Le sandwich de grillades dans la mire de la Ville


Publié le 20 avril 2017

La grillade de lard est tellement populaire dans la région qu’une épice porte même le nom d’épice à grillade de Valleyfield.

Reconnu comme étant un met fétiche de Salaberry-de-Valleyfield, le sandwich de grillades de lard se fera de plus en plus discret dans la Capitale régionale du Suroît. Une réglementation du Service d’urbanisme oblige plusieurs commerçants à fermer leurs kiosques de vente.

Le sandwich de grillades de lard se fera de plus en plus discret dans la Capitale régionale du Suroît.
TC Média archives

Que ce soit au Chevaliers de Colomb, au Club de curling, à l’Ordre Loyal des Moose ainsi que dans certains établissements licenciés, les kiosques de vente doivent être modifiés ou retirés.
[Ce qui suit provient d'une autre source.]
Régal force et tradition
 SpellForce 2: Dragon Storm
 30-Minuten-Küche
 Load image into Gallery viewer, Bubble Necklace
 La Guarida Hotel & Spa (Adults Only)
Selon les commerçants touchés, contactés par le Journal Saint-François, cette règlementation est sévère et va à l’encontre du bon sens.

Michel Legault exploite le kiosque situé dans le stationnement des Chevaliers de Colomb depuis quelques années. Pour l’été qui vient, l’homme dit qu’il ne pourra pas opérer son installation. «J’ai reçu un appel du Service de l’urbanisme pour m’aviser que je ne pouvais pas laisser mon kiosque en place, indique M. Legault. Je trouve déplorable d’apprendre, à quelques jours de mon ouverture saisonnière, qu’on m’interdit d’opérer.»
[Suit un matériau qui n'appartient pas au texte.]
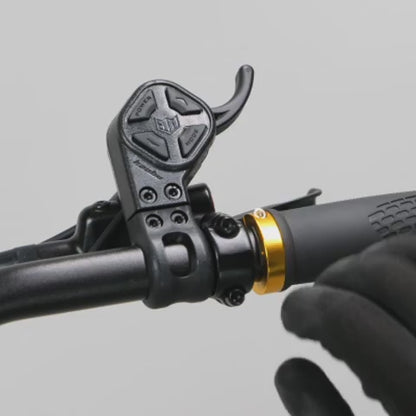 KAABO WOLF WARRIOR KING GTR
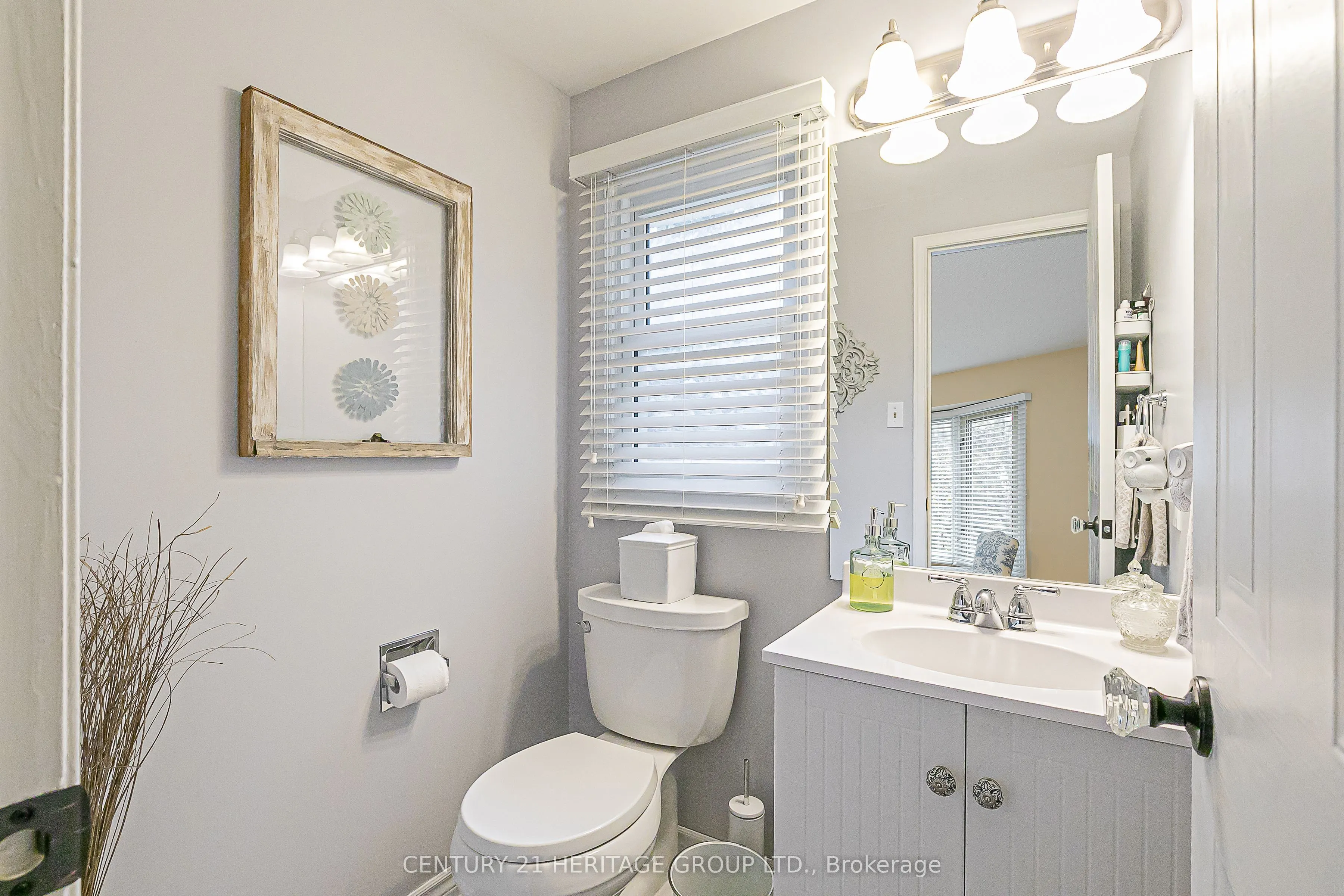 124 John Bowser Crescent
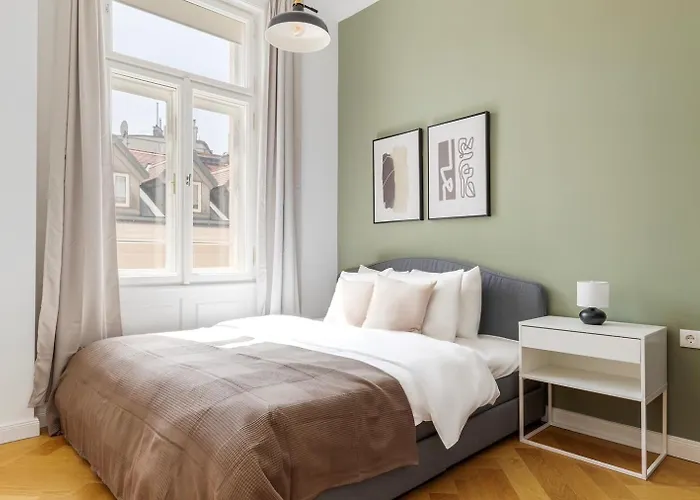 Apartamento Luxury Neighborhood *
M. Legault confie que son stand est jugé non conforme. «Premièrement, c’est une roulotte, dit-il. J’aurais été dans l’obligation d’enlever les roues et il semble que le revêtement extérieur de ma cabane doit être pareil à celui de l’édifice des Chevaliers. La bâtisse est en béton, je ne peux tout de même pas mettre du béton sur ma cabane.»

La réglementation entourant les restaurants de fortune aménagés pour la vente des grillades de lard ne fait pas qu’un seul malheureux. Au Club de curling de Valleyfield, la situation est telle que l’établissement a décidé de renoncer à la vente de grillades. «Depuis l’an dernier, c’est difficile. Il y a plein de choses que nous ne pouvons plus faire. Il y a trop de règlements. Nous préférons ne plus avoir de kiosque», confirme Sandra, adjointe au Club de curling de Valleyfield.
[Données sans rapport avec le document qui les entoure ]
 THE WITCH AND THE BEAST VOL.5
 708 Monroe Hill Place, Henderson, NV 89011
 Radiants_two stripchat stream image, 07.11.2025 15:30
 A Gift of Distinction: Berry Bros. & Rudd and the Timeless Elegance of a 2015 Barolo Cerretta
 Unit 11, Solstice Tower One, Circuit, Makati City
Le directeur de l’Ordre Loyal des Moose de Salaberry-de-Valleyfield, Denis Gagné, mentionne qu’il a été dans l’obligation de cesser la vente de grillades en juillet dernier. «La Ville m’a avisé que si on continuait à faire des grillades, nous aurions une amende de 1000 $, souligne Denis Gagné. Ce qui est vraiment dommage, c’est que nous avons l’obligation d’enlever notre installation, mais on ne nous dit pas pourquoi. Je n’ai même jamais reçu de feuille pour expliquer la réglementation.»   

Du côté de la Ville de Salaberry-de-Valleyfield, Martin Pharand, directeur du Service de l’urbanisme et des permis avise que la règlementation est la même que par le passé. «C’est simple, on ne veut pas quelque chose de mobile. L’usage d’un kiosque est autorisé comme un accessoire additionnel pour un commerce qui vend de l’alcool ou de la nourriture. Il y a certaines normes à respecter. Entre autres, que le kiosque soit installé dans une cour latérale ou arrière du commerce.»